Our results showed that CTL responses against Gag (as opposed to responses against other proteins) were fundamental to the control of viral replication in a cohort of HIV-1 subtype C infected individuals in KwaZulu-Natal, South Africa, and also suggested that control of viremia was associated with the reduced variability of the Gag protein. Analysis of co-variation in HIV-1 Gag subtype C showed intricate patterns of dependent mutations associated with CTL-driven polymorphisms.

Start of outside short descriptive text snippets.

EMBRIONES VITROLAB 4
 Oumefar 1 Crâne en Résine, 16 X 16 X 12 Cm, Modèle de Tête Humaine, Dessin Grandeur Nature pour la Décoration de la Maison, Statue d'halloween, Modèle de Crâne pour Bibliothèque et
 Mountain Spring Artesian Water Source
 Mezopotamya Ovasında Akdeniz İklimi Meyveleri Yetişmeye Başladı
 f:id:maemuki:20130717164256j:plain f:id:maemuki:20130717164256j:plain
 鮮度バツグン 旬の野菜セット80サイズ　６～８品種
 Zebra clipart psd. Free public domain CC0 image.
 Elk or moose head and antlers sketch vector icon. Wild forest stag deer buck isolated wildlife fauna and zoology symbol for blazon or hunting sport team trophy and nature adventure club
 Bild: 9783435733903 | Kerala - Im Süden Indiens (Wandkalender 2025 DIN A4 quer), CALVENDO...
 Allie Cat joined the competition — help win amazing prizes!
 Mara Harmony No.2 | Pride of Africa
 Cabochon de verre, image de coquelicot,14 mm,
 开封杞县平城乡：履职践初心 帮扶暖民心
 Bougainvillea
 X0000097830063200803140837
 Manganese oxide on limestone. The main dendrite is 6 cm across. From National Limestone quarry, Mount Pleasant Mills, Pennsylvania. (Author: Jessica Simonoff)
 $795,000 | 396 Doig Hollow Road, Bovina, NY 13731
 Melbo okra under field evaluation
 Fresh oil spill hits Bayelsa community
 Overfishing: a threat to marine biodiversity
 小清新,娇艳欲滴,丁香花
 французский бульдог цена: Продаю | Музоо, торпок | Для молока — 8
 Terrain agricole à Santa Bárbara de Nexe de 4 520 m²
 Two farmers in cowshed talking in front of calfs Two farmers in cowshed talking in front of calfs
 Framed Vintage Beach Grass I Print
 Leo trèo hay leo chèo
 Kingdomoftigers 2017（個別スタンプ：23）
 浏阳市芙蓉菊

Our co-variation results were derived with a method that can overcome traditional challenges for co-variation studies. In particular, it sets apart co-variation due to selection pressure from co-variation due to shared ancestry by modeling multiple interactions simultaneously. Moreover, it is conditioned on the HLA types observed in each subject, allowing us to identify pathways of particular interest to CTL escape. Nonetheless, there are limitations to the identification of co-variation. For example, associations between two AA that are in different epitopes restricted by the same HLA allele may be a consequence of immunodominance patterns, i.e., the preferential or time-ordered targeting of epitopes. A second issue is the noise in the data; yet, we note that the fuzziness of the network is inherent to the fast pace of HIV evolution and the cross-sectional nature of our analysis. It may also point at biological differences between permanent and transient interactions.
The circle map of dependencies illustrated the topological clustering of AA interactions in Gag, underlining the preponderance of ‘neighboring’ interactions. The distance between co-varying residues suggests two types of interactions: i) structural interactions with combined replacements between spatially proximal AA to maintain the local structure stability, and ii) functional interactions between pairs of distal AA to connect distant functional determinants.
It has been shown in protein-protein interaction studies that essential genes have on average more partners, i.e., higher hubness
[28]. By analogy, one might expect that hubs in Gag might have a greater impact on viral fitness, since a disturbance at a highly connected residue would probably be more detrimental to the virus than a change at a lowly connected site. Accordingly, we found that HLA-associated sites had conspicuously high numbers of associations and some CTL escape mutations at those HLA-restricted sites are known to have a fitness cost
[16],
[18],
[21],
[29],
[30],
[31]. By co-analyzing HLA-imprinting and AA-to-AA interactions in Gag, we described examples of evolutionary constraints that are forced upon some residues and elucidated some mutational pathways associated with HLA-restricted polymorphisms, for example, linked to the B*57-restricted epitopes KF11 and IW10.
A key outcome of our analysis is our ability to stratify the dispensability of particular sites, based on their dependent mutational pathways, and thereby to better understand the relationship between AA mutability and viral fitness. Hence, our CTL-driven mutational dynamics maps reflect the lethality profile of the protein, and we have found some relationships between the presence of rare residues at co-varying sites and lower viral loads for the infected individuals. This pertains to recent vaccine strategies that have proposed to focus on conserved elements of HIV-1
[1],
[32]. The sites that remain conserved despite the influence of selective forces are of specific interest because they correspond to the ‘Achille's heel’ of the virus and are attractive anti-viral or vaccine targets. We previously proposed a CTL-based ‘Conserved Element’ (CE)-vaccine that would be composed of conserved elements of the HIV-1 proteome
[1],
[32], based on the rationale that ‘an efficacious vaccine must elicit responses toward HIV-1 segments that cannot mutate without severely compromising viral viability, and must not elicit responses against variable, immunodominant decoys’. Here, we present a strategy to expand ‘conserved elements’ while still blocking CTL escape paths by taking into account CTL-driven mutational pathways. Combining results from replicative fitness competition assays and from analyses of the effect of mutations on viremia to co-variation data provides ways to extend CE beyond their minimal length (which is a consequence of their rigid degree of conservation). For example, the vaccine insert could include one or both residues of a co-varying interaction in order i) to link residues that are known to incur a high fitness cost when mutated or ii) to avoid including pairs of residues that can compensate the fitness cost associated with a mutation. In addition, certain HLA-associated hubs under constraints with multiple connections underline sites that may represent vulnerable spots for HIV and that can be incorporated in a vaccine construct.